──────── Records for the task

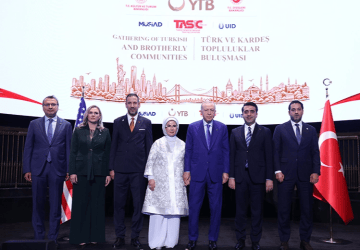Cumhurbaşkanı Erdoğan New York’ta Türk-Amerikan Toplumuyla Bir Araya Geldi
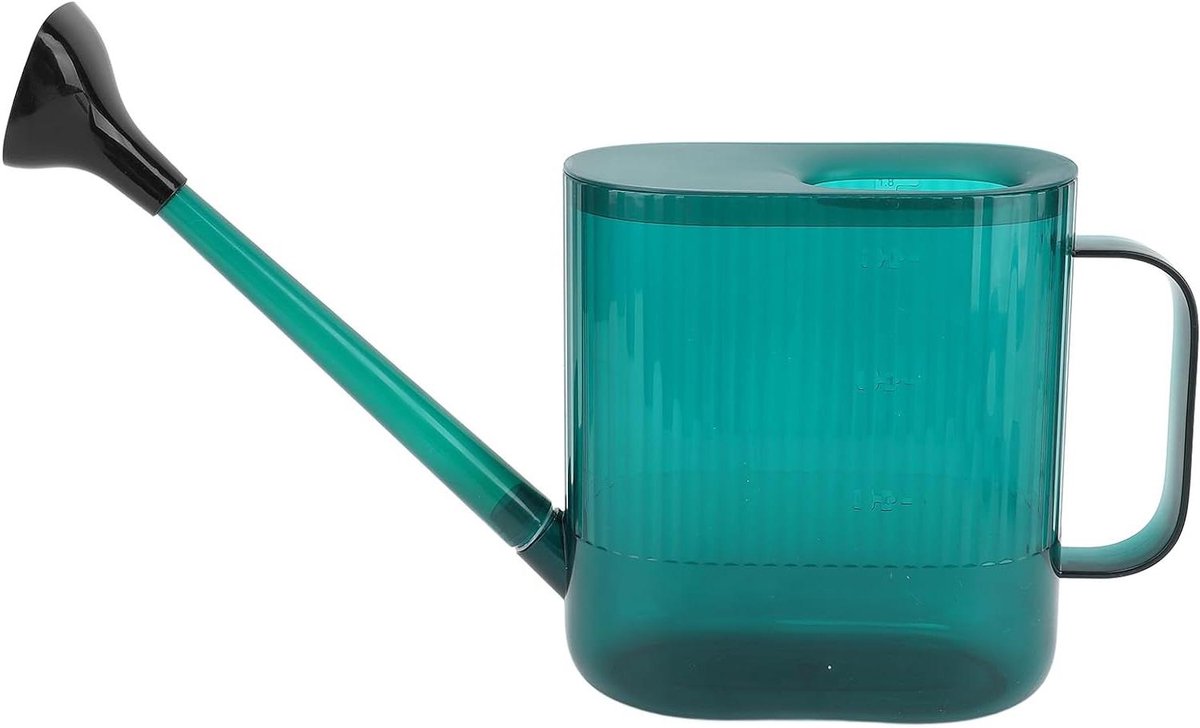 Tuin Gieter - Planten Waterkan - Planten Water Geven - Lange Uitloop - 1.8 Liter - Groen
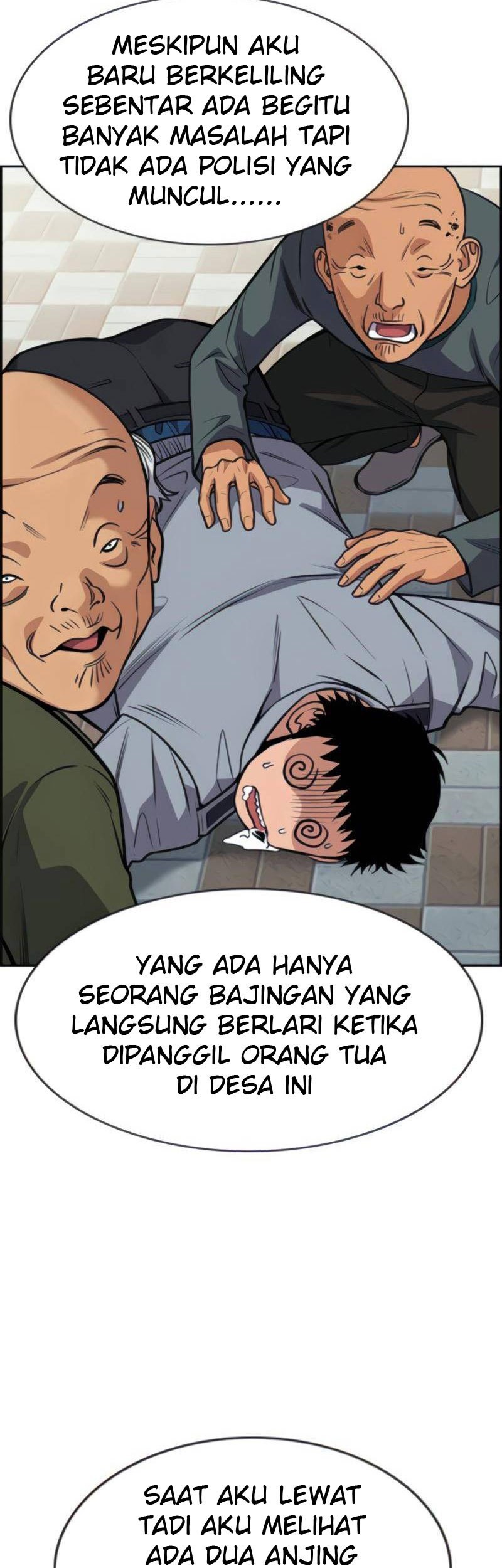 True Education Bab 76 halaman 57
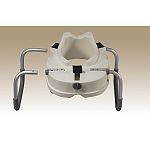 Rite At Home Healthcare Elevated Toilet Seat With Removable Arms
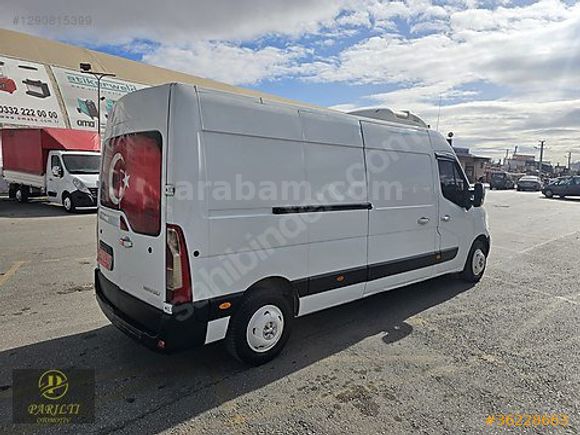 PARILTI OTO'DAN 2014 MASTER FRİGORİFİK SOĞUTUCULU 13M3 L3H2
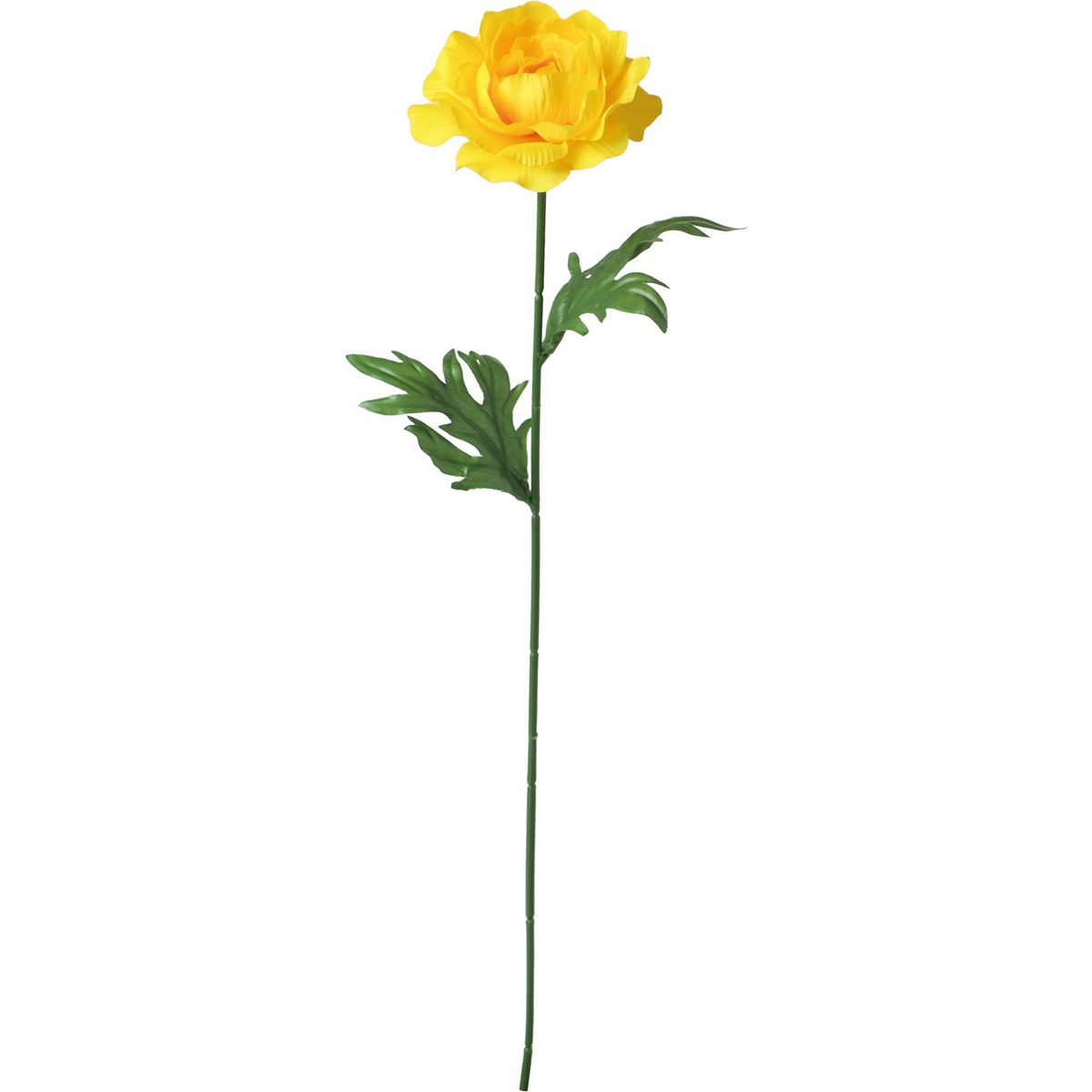 【サイズ】全長50cm・花径9.5cm【ブランド】横浜ディスプレイミュージアム材質：ポリエステル PE 鉄約18g(個体差がございます)・造花は人の手作業で作られており、一つ一つに生のお花同様の個体差があります。シワ・ほつれ等はリペアを施してご利用ください。・お花・実・葉は茎から取れる仕様になっているものが大半です。お届け時に取れてしまっている場合は付け戻してご利用下さい。【はなどんやお取り扱い商品について】■はなどんや掲載商品には、在庫品とメーカーお取寄商品がございます。掲載納期をご参考にされて下さい。即日発送の納期が記載されている商品でも、当店在庫が欠品となった場合には、お取り寄せにてご手配を進めさせていただきます。※コンビニ支払い・銀行振込等、前払い決済でのご注文については即日発送の対象外となります。■他店舗でも販売をしているため、また、メーカーの実在庫欠品等によりご注文後にご用意ができなくなる場合がございます。その場合にはメールにてご案内をさせて頂きます。■分納は承っておりません。一番遅い納期の商品に合わせて発送となります。/【VAR：21725】20230117new/color20230919造花 アーティフィシャルフラワー ラナンキュラスフェイクフラワー フラワーアレンジ花材 おしゃれ ハンドメイド材料 クラフト素材 装飾 ディスプレイ 春 夏 秋 お供え お正月 クリスマス ブライダル 成人式/【横浜ディスプレイミュージアム】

────────────────

Exercise
The records above should be returned word for word, with every picture left out.

Completed task
Cumhurbaşkanı Erdoğan New York’ta Türk-Amerikan Toplumuyla Bir Araya Geldi
 Tuin Gieter - Planten Waterkan - Planten Water Geven - Lange Uitloop - 1.8 Liter - Groen
 True Education Bab 76 halaman 57
 Rite At Home Healthcare Elevated Toilet Seat With Removable Arms
 PARILTI OTO'DAN 2014 MASTER FRİGORİFİK SOĞUTUCULU 13M3 L3H2
 【サイズ】全長50cm・花径9.5cm【ブランド】横浜ディスプレイミュージアム材質：ポリエステル PE 鉄約18g(個体差がございます)・造花は人の手作業で作られており、一つ一つに生のお花同様の個体差があります。シワ・ほつれ等はリペアを施してご利用ください。・お花・実・葉は茎から取れる仕様になっているものが大半です。お届け時に取れてしまっている場合は付け戻してご利用下さい。【はなどんやお取り扱い商品について】■はなどんや掲載商品には、在庫品とメーカーお取寄商品がございます。掲載納期をご参考にされて下さい。即日発送の納期が記載されている商品でも、当店在庫が欠品となった場合には、お取り寄せにてご手配を進めさせていただきます。※コンビニ支払い・銀行振込等、前払い決済でのご注文については即日発送の対象外となります。■他店舗でも販売をしているため、また、メーカーの実在庫欠品等によりご注文後にご用意ができなくなる場合がございます。その場合にはメールにてご案内をさせて頂きます。■分納は承っておりません。一番遅い納期の商品に合わせて発送となります。/【VAR：21725】20230117new/color20230919造花 アーティフィシャルフラワー ラナンキュラスフェイクフラワー フラワーアレンジ花材 おしゃれ ハンドメイド材料 クラフト素材 装飾 ディスプレイ 春 夏 秋 お供え お正月 クリスマス ブライダル 成人式/【横浜ディスプレイミュージアム】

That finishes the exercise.